** What to produce **
Nothing is to be left out; print all the entries exactly.

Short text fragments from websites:
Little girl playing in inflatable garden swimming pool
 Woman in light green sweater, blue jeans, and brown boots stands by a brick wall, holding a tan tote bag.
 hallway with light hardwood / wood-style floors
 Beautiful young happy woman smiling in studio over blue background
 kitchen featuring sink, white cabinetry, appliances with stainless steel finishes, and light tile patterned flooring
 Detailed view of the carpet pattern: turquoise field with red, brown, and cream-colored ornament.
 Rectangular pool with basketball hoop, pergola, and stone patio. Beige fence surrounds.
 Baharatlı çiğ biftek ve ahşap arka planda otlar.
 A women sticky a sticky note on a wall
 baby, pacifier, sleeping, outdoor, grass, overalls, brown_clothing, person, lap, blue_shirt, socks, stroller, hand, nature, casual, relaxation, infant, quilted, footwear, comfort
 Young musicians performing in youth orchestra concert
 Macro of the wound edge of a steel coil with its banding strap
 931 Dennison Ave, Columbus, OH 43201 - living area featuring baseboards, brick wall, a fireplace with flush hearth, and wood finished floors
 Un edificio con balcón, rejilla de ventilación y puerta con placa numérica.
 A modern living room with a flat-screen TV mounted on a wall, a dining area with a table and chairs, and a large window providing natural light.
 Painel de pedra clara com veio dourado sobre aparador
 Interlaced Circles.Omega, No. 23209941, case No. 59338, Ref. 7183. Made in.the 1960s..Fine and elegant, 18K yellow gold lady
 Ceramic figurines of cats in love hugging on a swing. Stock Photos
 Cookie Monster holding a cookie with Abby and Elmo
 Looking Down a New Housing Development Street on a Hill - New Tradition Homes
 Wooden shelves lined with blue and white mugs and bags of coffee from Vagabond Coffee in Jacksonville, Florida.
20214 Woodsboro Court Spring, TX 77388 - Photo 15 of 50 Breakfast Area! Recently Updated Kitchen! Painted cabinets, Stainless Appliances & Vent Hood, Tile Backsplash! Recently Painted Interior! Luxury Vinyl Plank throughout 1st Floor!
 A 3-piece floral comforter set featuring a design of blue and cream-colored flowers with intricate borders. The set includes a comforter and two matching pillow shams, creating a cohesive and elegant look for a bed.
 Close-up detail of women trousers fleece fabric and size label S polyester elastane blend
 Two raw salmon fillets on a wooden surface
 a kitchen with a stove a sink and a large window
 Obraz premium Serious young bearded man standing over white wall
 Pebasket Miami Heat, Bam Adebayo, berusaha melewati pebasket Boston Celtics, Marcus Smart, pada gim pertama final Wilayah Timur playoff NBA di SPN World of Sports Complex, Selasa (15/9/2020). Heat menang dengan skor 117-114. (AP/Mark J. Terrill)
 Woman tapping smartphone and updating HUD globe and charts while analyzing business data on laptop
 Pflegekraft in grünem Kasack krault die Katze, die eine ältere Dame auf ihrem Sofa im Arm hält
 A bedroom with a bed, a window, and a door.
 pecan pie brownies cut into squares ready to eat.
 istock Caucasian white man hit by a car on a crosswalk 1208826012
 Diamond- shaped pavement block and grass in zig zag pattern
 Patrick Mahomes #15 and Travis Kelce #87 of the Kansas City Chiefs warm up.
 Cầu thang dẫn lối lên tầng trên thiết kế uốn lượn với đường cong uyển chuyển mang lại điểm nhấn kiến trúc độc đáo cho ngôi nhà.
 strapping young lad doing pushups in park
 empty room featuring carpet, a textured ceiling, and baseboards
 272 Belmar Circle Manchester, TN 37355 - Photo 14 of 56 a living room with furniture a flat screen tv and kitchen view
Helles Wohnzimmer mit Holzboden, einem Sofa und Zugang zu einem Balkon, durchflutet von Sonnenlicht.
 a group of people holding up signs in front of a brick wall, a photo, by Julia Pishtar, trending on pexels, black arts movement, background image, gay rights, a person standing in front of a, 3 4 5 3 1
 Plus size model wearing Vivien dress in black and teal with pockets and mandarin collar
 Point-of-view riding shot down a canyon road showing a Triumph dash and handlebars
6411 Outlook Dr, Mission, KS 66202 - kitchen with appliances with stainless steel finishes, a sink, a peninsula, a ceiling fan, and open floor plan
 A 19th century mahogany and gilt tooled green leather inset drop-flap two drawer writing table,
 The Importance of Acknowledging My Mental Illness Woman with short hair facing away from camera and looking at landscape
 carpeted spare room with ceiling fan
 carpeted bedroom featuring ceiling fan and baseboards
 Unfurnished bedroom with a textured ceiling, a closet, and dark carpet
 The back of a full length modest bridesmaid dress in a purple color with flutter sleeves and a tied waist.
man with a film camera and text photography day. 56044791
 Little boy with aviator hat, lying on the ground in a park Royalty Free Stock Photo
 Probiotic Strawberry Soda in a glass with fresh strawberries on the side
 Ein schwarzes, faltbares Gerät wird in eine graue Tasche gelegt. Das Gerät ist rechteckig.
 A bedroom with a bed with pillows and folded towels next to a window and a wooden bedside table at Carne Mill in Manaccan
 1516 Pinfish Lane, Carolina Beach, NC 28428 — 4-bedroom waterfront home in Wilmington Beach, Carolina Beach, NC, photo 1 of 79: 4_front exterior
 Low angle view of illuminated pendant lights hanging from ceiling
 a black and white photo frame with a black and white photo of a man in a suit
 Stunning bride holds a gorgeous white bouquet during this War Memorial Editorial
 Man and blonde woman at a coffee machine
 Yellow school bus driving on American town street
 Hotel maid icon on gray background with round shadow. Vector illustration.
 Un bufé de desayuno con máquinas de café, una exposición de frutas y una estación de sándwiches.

** Answer to the problem **
Little girl playing in inflatable garden swimming pool
 Woman in light green sweater, blue jeans, and brown boots stands by a brick wall, holding a tan tote bag.
 hallway with light hardwood / wood-style floors
 Beautiful young happy woman smiling in studio over blue background
 kitchen featuring sink, white cabinetry, appliances with stainless steel finishes, and light tile patterned flooring
 Detailed view of the carpet pattern: turquoise field with red, brown, and cream-colored ornament.
 Rectangular pool with basketball hoop, pergola, and stone patio. Beige fence surrounds.
 Baharatlı çiğ biftek ve ahşap arka planda otlar.
 A women sticky a sticky note on a wall
 baby, pacifier, sleeping, outdoor, grass, overalls, brown_clothing, person, lap, blue_shirt, socks, stroller, hand, nature, casual, relaxation, infant, quilted, footwear, comfort
 Young musicians performing in youth orchestra concert
 Macro of the wound edge of a steel coil with its banding strap
 931 Dennison Ave, Columbus, OH 43201 - living area featuring baseboards, brick wall, a fireplace with flush hearth, and wood finished floors
 Un edificio con balcón, rejilla de ventilación y puerta con placa numérica.
 A modern living room with a flat-screen TV mounted on a wall, a dining area with a table and chairs, and a large window providing natural light.
 Painel de pedra clara com veio dourado sobre aparador
 Interlaced Circles.Omega, No. 23209941, case No. 59338, Ref. 7183. Made in.the 1960s..Fine and elegant, 18K yellow gold lady
 Ceramic figurines of cats in love hugging on a swing. Stock Photos
 Cookie Monster holding a cookie with Abby and Elmo
 Looking Down a New Housing Development Street on a Hill - New Tradition Homes
 Wooden shelves lined with blue and white mugs and bags of coffee from Vagabond Coffee in Jacksonville, Florida.
20214 Woodsboro Court Spring, TX 77388 - Photo 15 of 50 Breakfast Area! Recently Updated Kitchen! Painted cabinets, Stainless Appliances & Vent Hood, Tile Backsplash! Recently Painted Interior! Luxury Vinyl Plank throughout 1st Floor!
 A 3-piece floral comforter set featuring a design of blue and cream-colored flowers with intricate borders. The set includes a comforter and two matching pillow shams, creating a cohesive and elegant look for a bed.
 Close-up detail of women trousers fleece fabric and size label S polyester elastane blend
 Two raw salmon fillets on a wooden surface
 a kitchen with a stove a sink and a large window
 Obraz premium Serious young bearded man standing over white wall
 Pebasket Miami Heat, Bam Adebayo, berusaha melewati pebasket Boston Celtics, Marcus Smart, pada gim pertama final Wilayah Timur playoff NBA di SPN World of Sports Complex, Selasa (15/9/2020). Heat menang dengan skor 117-114. (AP/Mark J. Terrill)
 Woman tapping smartphone and updating HUD globe and charts while analyzing business data on laptop
 Pflegekraft in grünem Kasack krault die Katze, die eine ältere Dame auf ihrem Sofa im Arm hält
 A bedroom with a bed, a window, and a door.
 pecan pie brownies cut into squares ready to eat.
 istock Caucasian white man hit by a car on a crosswalk 1208826012
 Diamond- shaped pavement block and grass in zig zag pattern
 Patrick Mahomes #15 and Travis Kelce #87 of the Kansas City Chiefs warm up.
 Cầu thang dẫn lối lên tầng trên thiết kế uốn lượn với đường cong uyển chuyển mang lại điểm nhấn kiến trúc độc đáo cho ngôi nhà.
 strapping young lad doing pushups in park
 empty room featuring carpet, a textured ceiling, and baseboards
 272 Belmar Circle Manchester, TN 37355 - Photo 14 of 56 a living room with furniture a flat screen tv and kitchen view
Helles Wohnzimmer mit Holzboden, einem Sofa und Zugang zu einem Balkon, durchflutet von Sonnenlicht.
 a group of people holding up signs in front of a brick wall, a photo, by Julia Pishtar, trending on pexels, black arts movement, background image, gay rights, a person standing in front of a, 3 4 5 3 1
 Plus size model wearing Vivien dress in black and teal with pockets and mandarin collar
 Point-of-view riding shot down a canyon road showing a Triumph dash and handlebars
6411 Outlook Dr, Mission, KS 66202 - kitchen with appliances with stainless steel finishes, a sink, a peninsula, a ceiling fan, and open floor plan
 A 19th century mahogany and gilt tooled green leather inset drop-flap two drawer writing table,
 The Importance of Acknowledging My Mental Illness Woman with short hair facing away from camera and looking at landscape
 carpeted spare room with ceiling fan
 carpeted bedroom featuring ceiling fan and baseboards
 Unfurnished bedroom with a textured ceiling, a closet, and dark carpet
 The back of a full length modest bridesmaid dress in a purple color with flutter sleeves and a tied waist.
man with a film camera and text photography day. 56044791
 Little boy with aviator hat, lying on the ground in a park Royalty Free Stock Photo
 Probiotic Strawberry Soda in a glass with fresh strawberries on the side
 Ein schwarzes, faltbares Gerät wird in eine graue Tasche gelegt. Das Gerät ist rechteckig.
 A bedroom with a bed with pillows and folded towels next to a window and a wooden bedside table at Carne Mill in Manaccan
 1516 Pinfish Lane, Carolina Beach, NC 28428 — 4-bedroom waterfront home in Wilmington Beach, Carolina Beach, NC, photo 1 of 79: 4_front exterior
 Low angle view of illuminated pendant lights hanging from ceiling
 a black and white photo frame with a black and white photo of a man in a suit
 Stunning bride holds a gorgeous white bouquet during this War Memorial Editorial
 Man and blonde woman at a coffee machine
 Yellow school bus driving on American town street
 Hotel maid icon on gray background with round shadow. Vector illustration.
 Un bufé de desayuno con máquinas de café, una exposición de frutas y una estación de sándwiches.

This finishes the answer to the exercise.